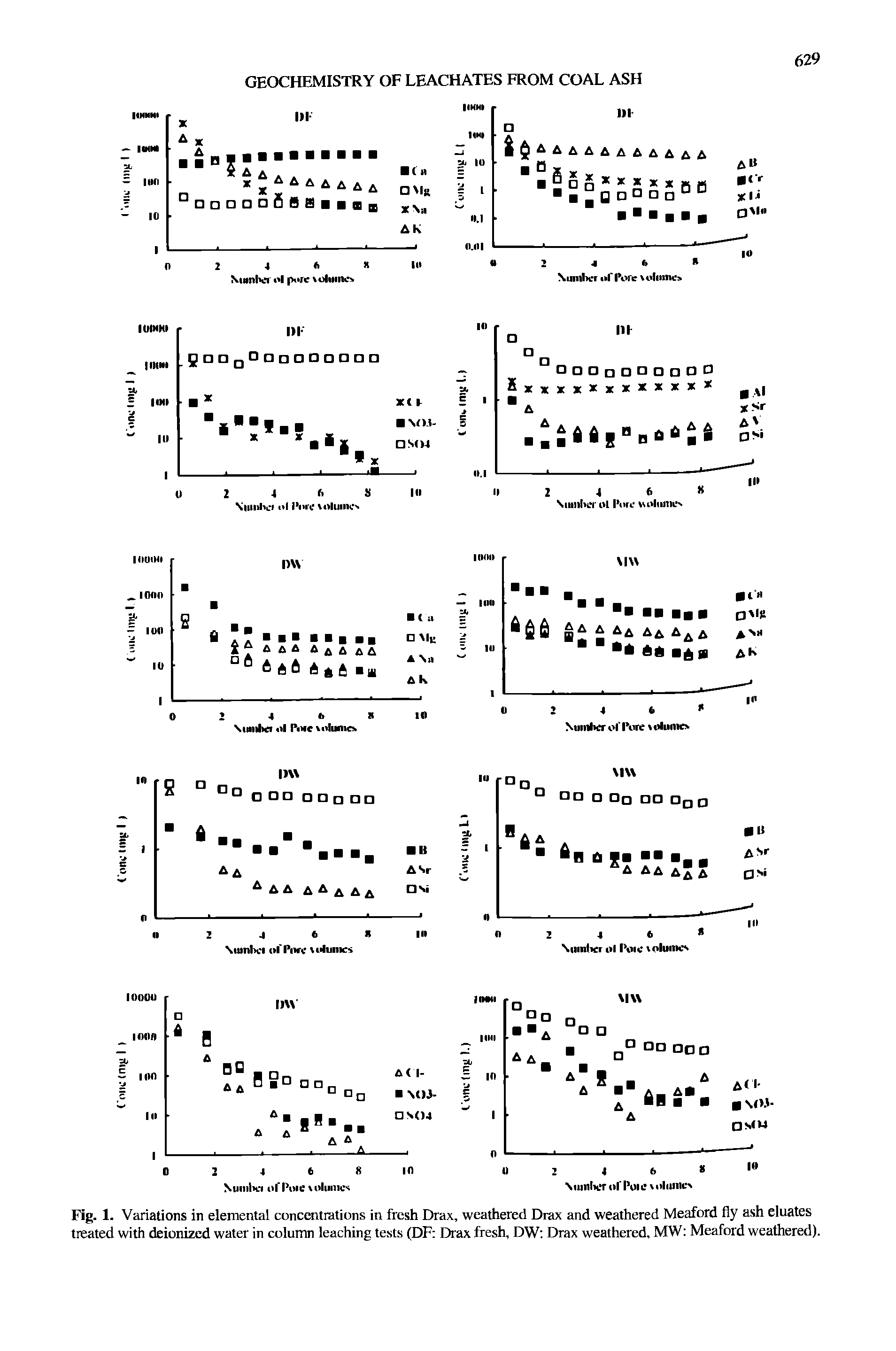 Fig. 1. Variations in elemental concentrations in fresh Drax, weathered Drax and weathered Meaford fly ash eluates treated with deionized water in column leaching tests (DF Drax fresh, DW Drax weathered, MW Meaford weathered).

==

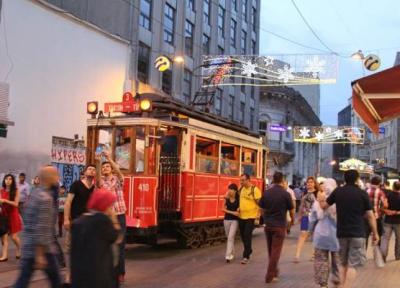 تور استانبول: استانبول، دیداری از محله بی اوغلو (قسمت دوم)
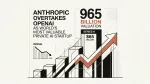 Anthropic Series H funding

* * *

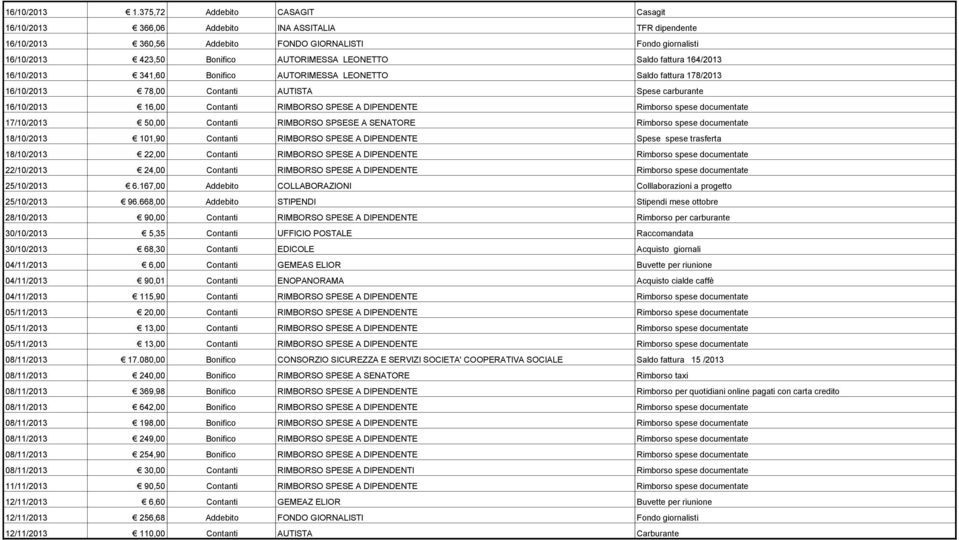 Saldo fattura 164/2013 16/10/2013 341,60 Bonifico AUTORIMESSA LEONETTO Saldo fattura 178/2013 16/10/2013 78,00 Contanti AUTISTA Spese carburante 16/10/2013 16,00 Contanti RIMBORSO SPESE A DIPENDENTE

Aim of the exercise
In the entries above, find the line containing "تور استانبول: استانبول،" and the line containing "Anthropic Series H funding", then copy both and every line between them exactly, without any picture.

Response box
 تور استانبول: استانبول، دیداری از محله بی اوغلو (قسمت دوم)
 Anthropic Series H funding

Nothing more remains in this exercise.